- [What the task requires]
Repeat the entries below word for word, though any picture in them should be dropped.

======== Records shown ========

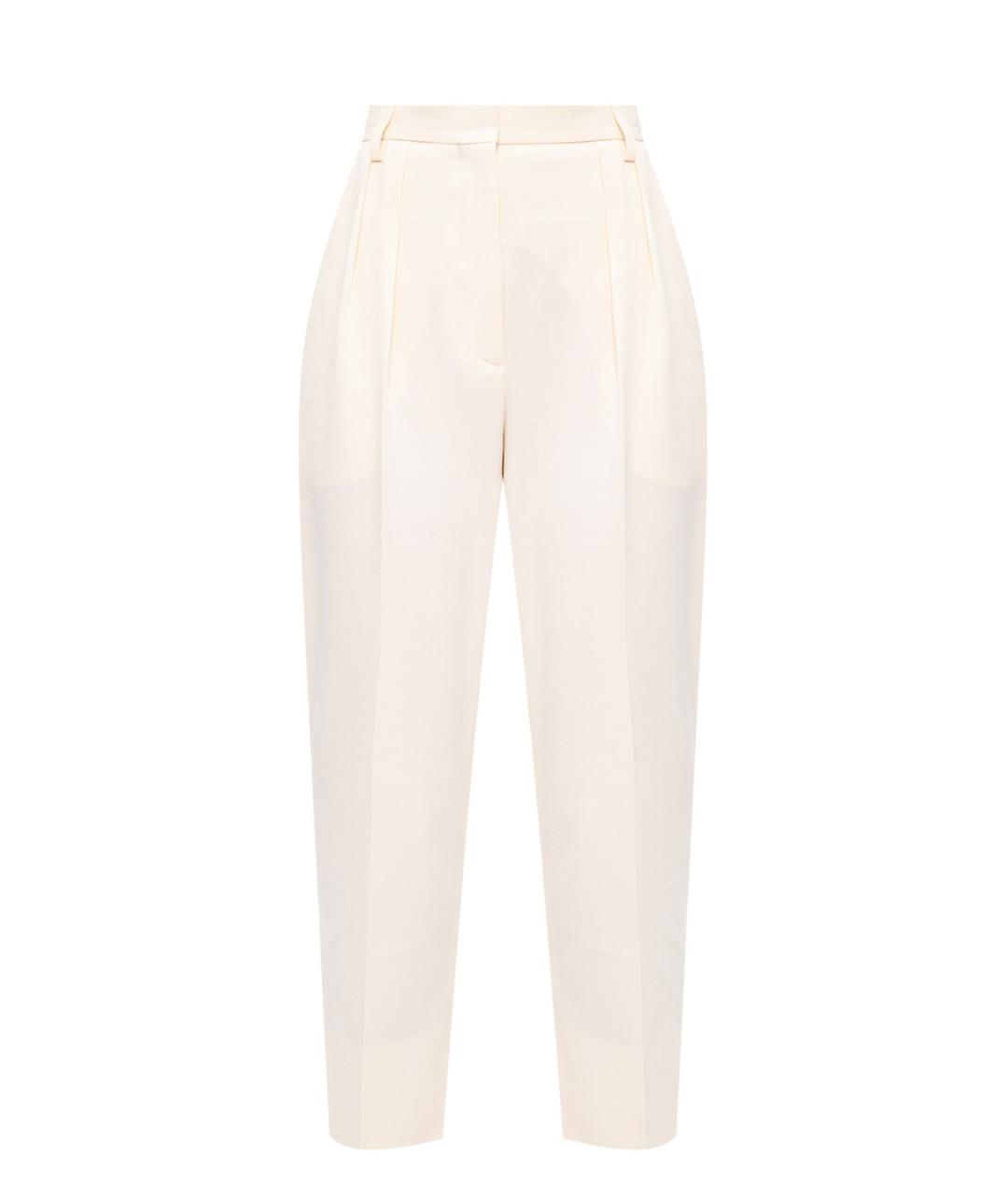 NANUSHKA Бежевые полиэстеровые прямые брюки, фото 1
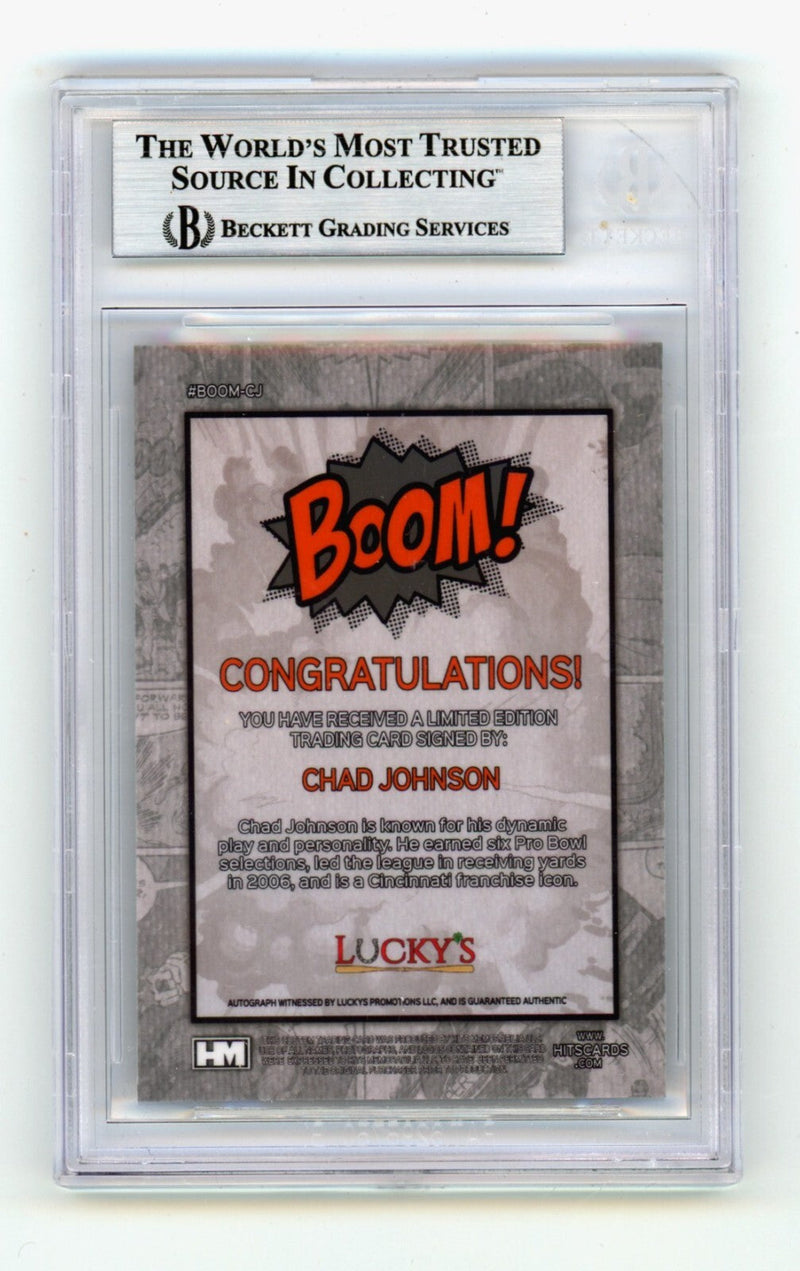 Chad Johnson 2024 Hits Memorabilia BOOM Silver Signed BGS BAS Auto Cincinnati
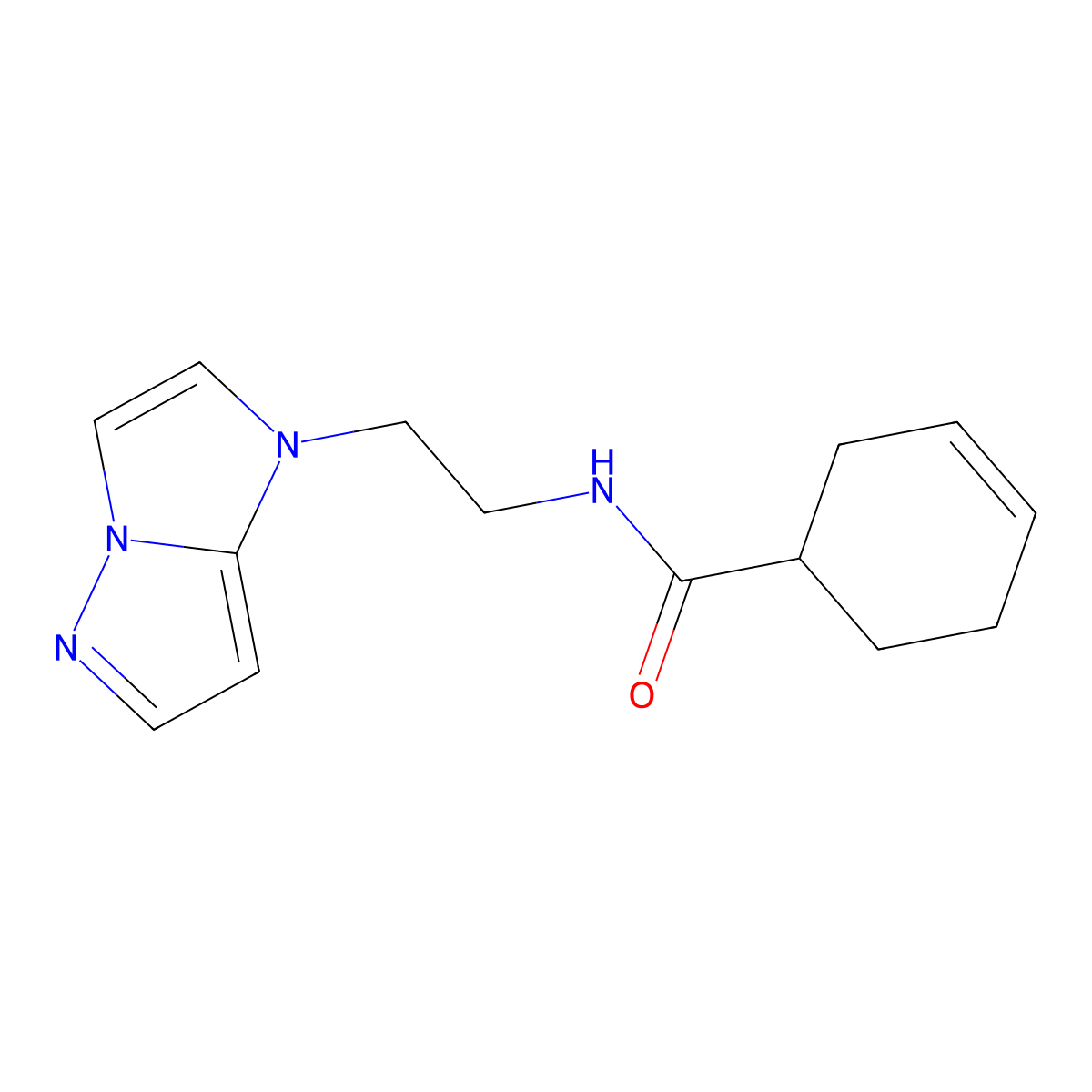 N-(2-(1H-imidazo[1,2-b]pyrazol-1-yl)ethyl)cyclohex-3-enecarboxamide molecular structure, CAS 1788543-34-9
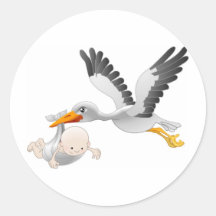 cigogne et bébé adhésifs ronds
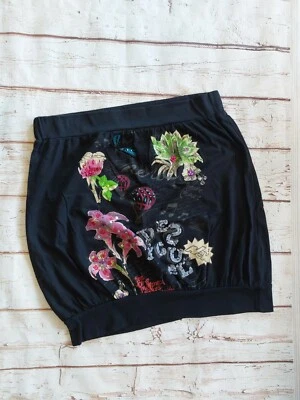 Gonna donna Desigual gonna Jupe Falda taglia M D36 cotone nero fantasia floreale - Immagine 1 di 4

========

- [Output below]
 NANUSHKA Бежевые полиэстеровые прямые брюки, фото 1
 Chad Johnson 2024 Hits Memorabilia BOOM Silver Signed BGS BAS Auto Cincinnati
 N-(2-(1H-imidazo[1,2-b]pyrazol-1-yl)ethyl)cyclohex-3-enecarboxamide molecular structure, CAS 1788543-34-9
 cigogne et bébé adhésifs ronds
 Gonna donna Desigual gonna Jupe Falda taglia M D36 cotone nero fantasia floreale - Immagine 1 di 4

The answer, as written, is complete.